From here, you can access the following monitoring options:
- Service health: Provides a dashboard that displays memory, CPU, and network usage.
- Activity log: Displays access, runtime, build, and version history logs.
- Tracing: Displays traces from the model or agentic workflow.
Resource usage¶
Permissions to view service health
Only users with Owner permissions for the application and DataRobot administrators can access service health.
The Service health tab allows you to monitor usage, service health, and resource consumption for individual applications. Monitoring resource consumption is essential for cost management to ensure that resources are used efficiently, helping optimize cost.
To access application monitoring capabilities, on the Applications page, click the app you want to view and select Service health. From here, you can:
| Element | Description | |
|---|---|---|
| 1 | Range/Resolution | Adjusts the range and resolution of the chart. The options in the Resolution dropdown are based on your Range selection. |
| 2 | Refresh | Instantly refreshes usage information—usage information automatically updates every minute. |
| 3 | Resource usage | Displays average CPU, memory, and network usage for the specified range, as well as live usage values. Click on a tile to visualize usage information in the chart below. |
| 4 | Usage chart | Visualizes usage information over time for the selected usage tile and specified range. For CPU usage, you can also display a line representing the average usage. |
Activity logs¶
Permissions to view logs
Access to logs for an application requires Owner or Editor permissions for the application. Owners can view all logs, while Editors can only view build and runtime logs, not access logs.
DataRobot records the following activity logs for custom applications:
| Activity log | Description |
|---|---|
| Access logs | Displays which users have accessed the application and when. |
| Runtime logs | Displays a real-time record of the application's tasks during execution. |
| Build logs | Displays a history of the application's deployment process. |
| Version history logs | Displays a time-stamped, chronological record of the application's versions. |
To access these activity logs, from the Applications page, click the app you want to view, and select Activity log.
Build and runtime logs¶
From the Build logs and Runtime logs tabs, you can browse logs that detail the history of compiling, building, and executing the custom application. This includes dependency checks, packaging, and any warnings or errors thrown.
Access logs¶
From the Access logs tab, you can monitor the history of users who have opened or operated a custom application.

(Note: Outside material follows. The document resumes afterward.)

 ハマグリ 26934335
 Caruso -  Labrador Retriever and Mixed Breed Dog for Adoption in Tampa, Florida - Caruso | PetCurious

You can also view access logs directly from an application source. Navigate to Registry > Application sources, locate the application source for your custom application, and expand the dropdown to view the applications built from the source. Then, click the custom application you want to view the access logs from to access a detailed view.
On the Overview tab, scroll down to the Access logs section.
The access logs detail users' visits to the application, including their email, user ID, time of visit, and their role for the application.
Usage logging interval
In addition to the initial access event, every 24 hours of continuous access or use is recorded as an individual visit to the application. For example, when a user opens an application, an access event is logged, then, when that user session exceeds 24 hours of continuous access or use, another access event is logged. This results in two access events logged during a 24-hour and 1-minute custom application visit. In Self-Managed AI Platform environments, this interval is configurable through the CUSTOM_APP_USAGE_METRIC_PUBLISH_MAX_FREQ in the application configuration.
Tracing¶
The Tracing tab of an application displays traces from a model or agentic workflow. Each trace contains a visual timeline representing all actions carried out by the model or agent and revealing the order and duration of these actions.
Traces represent the path taken by a request to a model or agentic workflow. DataRobot uses the OpenTelemetry framework for tracing. A trace follows the entire end-to-end path of a request, from origin to resolution. Each trace contains one or more spans, starting with the root span. The root span represents the entire path of the request and contains a child span for each individual step in the process. The root (or parent) span and each child span share the same Trace ID.
Access and retention
The tracing table is available for all custom and external model deployments. Tracing data is stored for a retention period of 30 days, after which it is automatically deleted.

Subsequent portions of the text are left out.